But despite the focus on lives not lived, Mandel also pays particular attention to what leads people to make certain choices. One of Alkaitis’s employees asks another, “How did he know we’d do it? Would anyone do something like this, given enough money, or is there something special about us?” Are those who work for a Ponzi scheme particularly bad, or do they just succumb to greed like any human would? Another employee explains under cross-examination, “It’s possible to both know and not know something… that knowing and not knowing, being honorable and not being honorable, knowing you’re not a good person but trying to be a good person regardless around the margins of the bad.”

It all comes down to money. Vincent agrees to pose as Alkaitis’s wife, although Vincent doesn’t love him. She realizes, “What kept her in the kingdom was the previously unimaginable condition of not having to think about money, because that’s what money gives you: the freedom to stop thinking about money.” “The Glass Hotel” doesn’t romanticize wealth — after all, most of the wealthy characters also struggle with deep-seated unhappiness or stress — but does understand its appeal, even as it actively makes its characters miserable.

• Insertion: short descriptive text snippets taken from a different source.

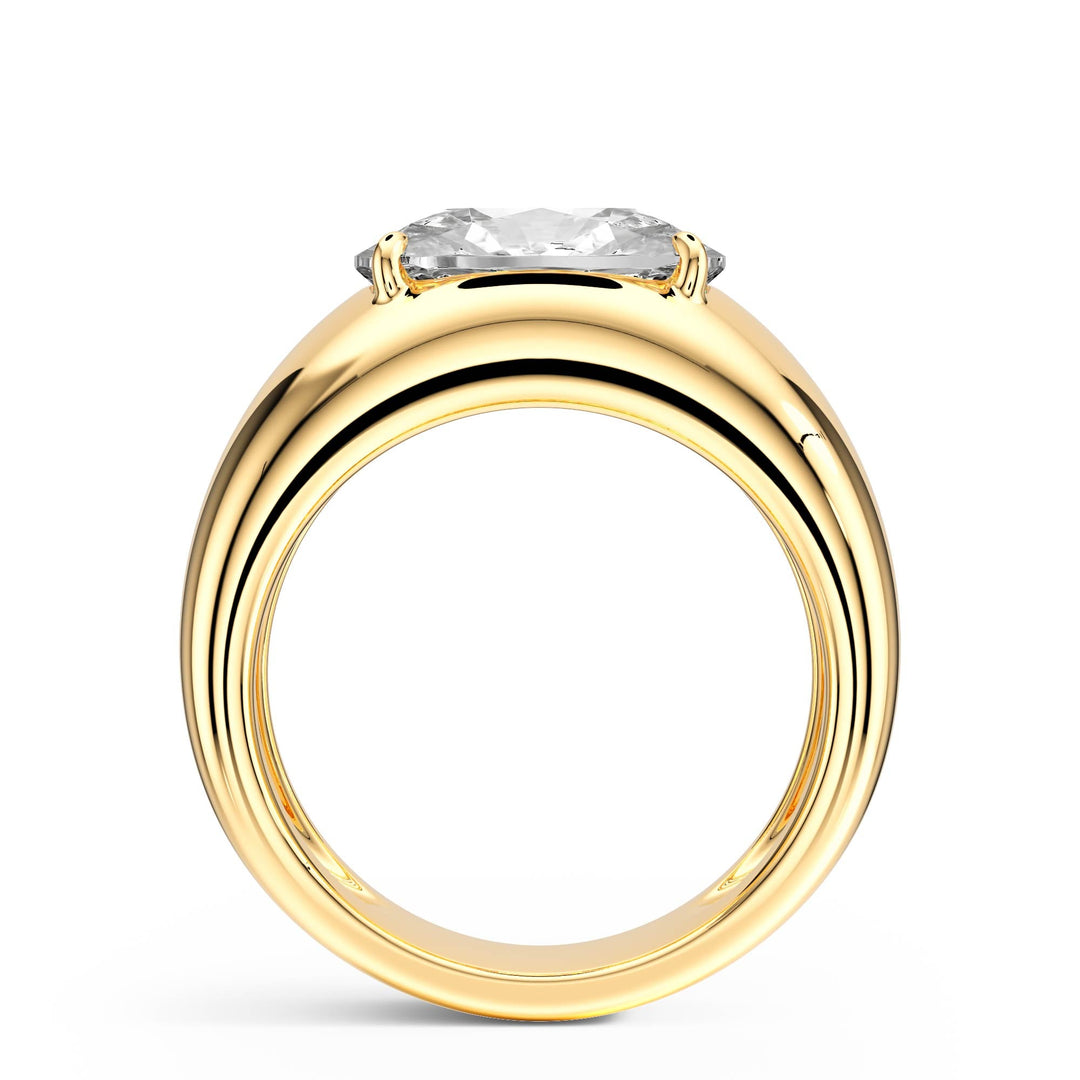 Dome Elongated Cushion Diamond Engagement Ring - R1267 in Ring by 18 KARATS INC.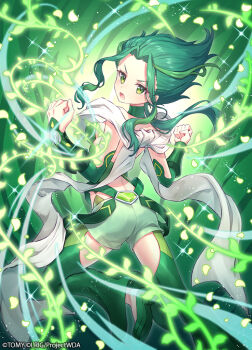 1girl 90kyuuri copyright_notice green_background green_eyes green_hair green_shoes green_shorts green_thighhighs high_heels looking_at_viewer medium_hair midoriko_(wixoss) multicolored_hair official_art open_mouth shoes shorts solo spiked_hair streaked_hair thighhighs wixoss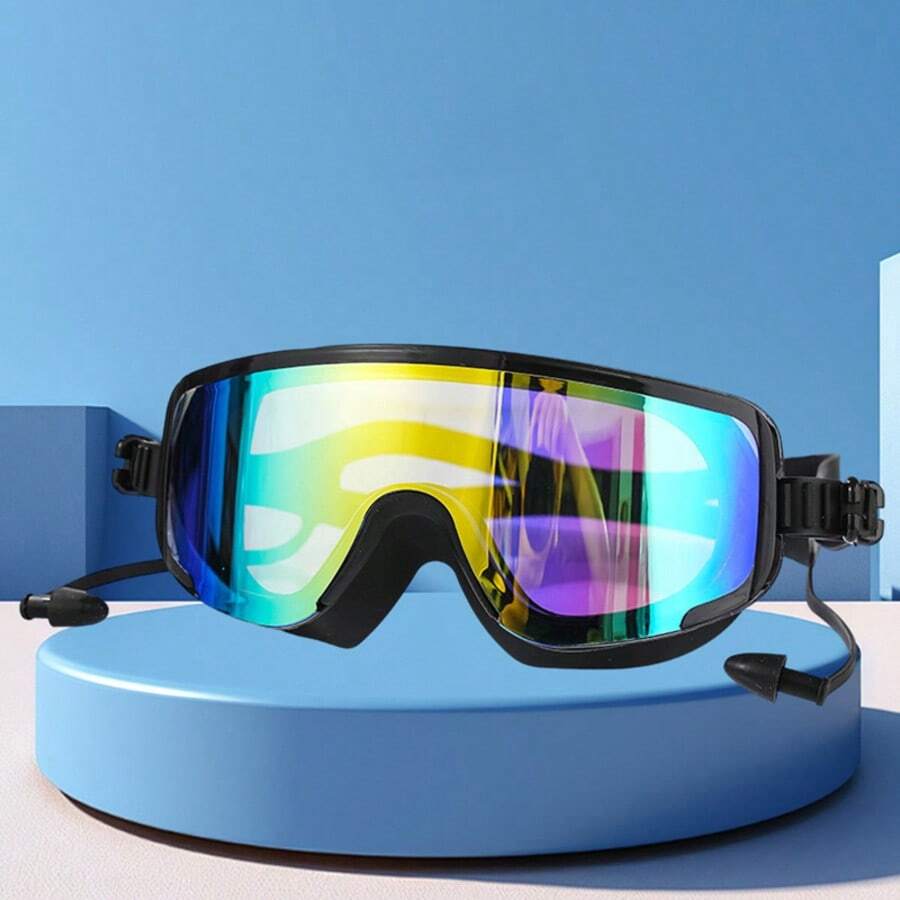 Swim Goggles, Frameless Wide-Angle Swim Goggles, Anti-Fog Anti-UV Waterproof Adult Unisex - Multicolor - View 1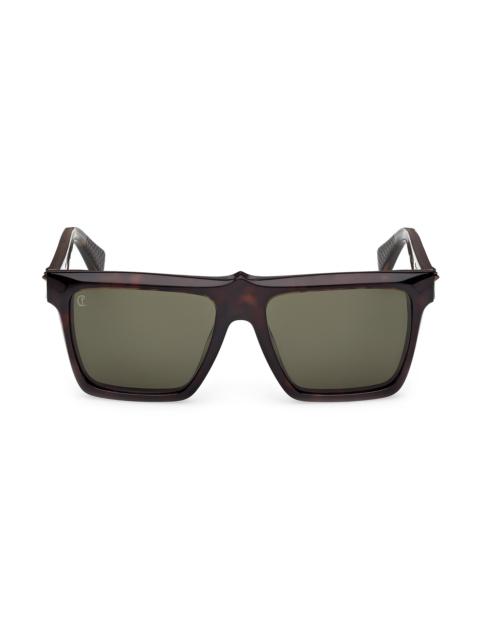 Christian Louboutin Men's 56MM Square Sunglasses - Havana Brown Green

The downfall of this novel is that it isn’t particularly exciting or suspenseful. It’s clear early on that at some point, Alkaitis will get caught and go to jail, and investors will lose their retirement funds or their life savings. Luckily, the novel is fairly short and Mandel has a trick up her sleeve. As in “Station Eleven,” this book comes full circle by explaining strange occurrences from the early chapters and giving characters symbolic ends to their story arc in a way that feels particularly poetic. Almost everything falls into place — though Mandel does leave the slightest bit of mystery — which propels the story for the final 50 pages or so despite the story’s overall lack of excitement.

“The Glass Hotel” is a quietly rewarding book. Despite its subject matter, it is as unlike a financial thriller as can be. Instead, it offers a look at the lives left unlived and the siren song of money. Come for the Ponzi scheme, stay for the satisfying conclusion.